不動産価格の高騰が宝くじへの期待に反映

宝くじ購入者の3人に1人が1等当選金に不満を持っているという。昨年、韓国租税財政研究院が行ったアンケートで現在の1等当選金20億ウォン(約2億1024万円)に「満足」と答えた人は45.3%で、32.7%が「不満」と回答。その不満と回答した人の91.7%が引き上げるべきと回答した。

妥当と考える一等当選金は「30億ウォン(約3億1536万円)以上」が65.6%で「20億〜30億ウォン未満」が26.8%、「10億(約1億512万円)〜20億ウォン未満」が4.0%と続いており、前年と比べて「30億ウォン以上」が倍増している。
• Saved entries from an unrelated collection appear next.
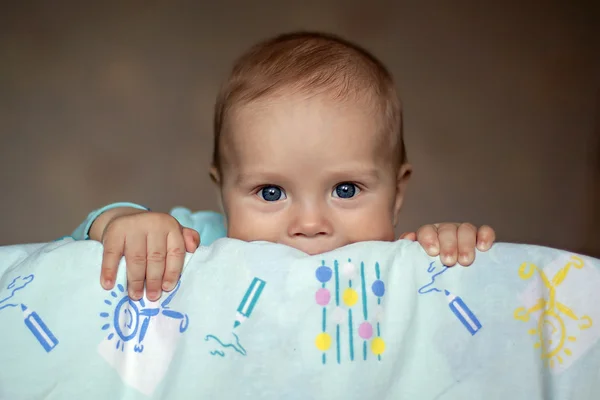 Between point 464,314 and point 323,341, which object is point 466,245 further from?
point 323,341

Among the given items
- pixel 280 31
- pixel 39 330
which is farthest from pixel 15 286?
pixel 280 31

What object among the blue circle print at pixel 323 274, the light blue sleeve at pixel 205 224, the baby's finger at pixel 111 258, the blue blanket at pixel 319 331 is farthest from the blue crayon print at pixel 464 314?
the light blue sleeve at pixel 205 224

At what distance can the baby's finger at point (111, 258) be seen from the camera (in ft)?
2.16

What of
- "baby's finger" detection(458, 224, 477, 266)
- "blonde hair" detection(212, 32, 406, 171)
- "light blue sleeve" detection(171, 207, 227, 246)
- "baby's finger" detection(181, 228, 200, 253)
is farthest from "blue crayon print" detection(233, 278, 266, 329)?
"light blue sleeve" detection(171, 207, 227, 246)

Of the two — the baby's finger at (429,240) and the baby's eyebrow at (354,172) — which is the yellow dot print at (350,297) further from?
the baby's eyebrow at (354,172)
平均希望額は52億2千万ウォン(約5億4873万円)で、前年の28億9千万ウォン(約3億380万円)から大幅に上昇した。この52億ウォンというのは江南3区でマンションを購入できる金額に相当し、不動産価格の高騰が宝くじへの期待に反映された格好だ。

高所得者は金融資産、低所得は宝くじという二極化が進むが、宝くじ売り場も二極化が進んでいる。今年2月、宝くじ委員会はモバイル販売を導入した。モバイル購入は平日朝6時から夜12までで上限も5000ウォン(約525円)に制限されるが、20代から30代を中心にモバイルで購入する傾向が広がっているという。

一方、リアル店舗については当選がよく出るという「名所」は購入者の列が続く一方、零細店舗は客数が減っている。

酒やタバコを削るほど追い詰められた低所得層が宝くじに希望を託し、富裕層は多様な金融商品でさらなる資産形成を進める。健康志向や職場のハラスメント文化への反発が後押ししたとはいえ、韓国のアルコール消費の長期減少を最終的に規定しているのは、経済格差という構造的な問題に他ならない。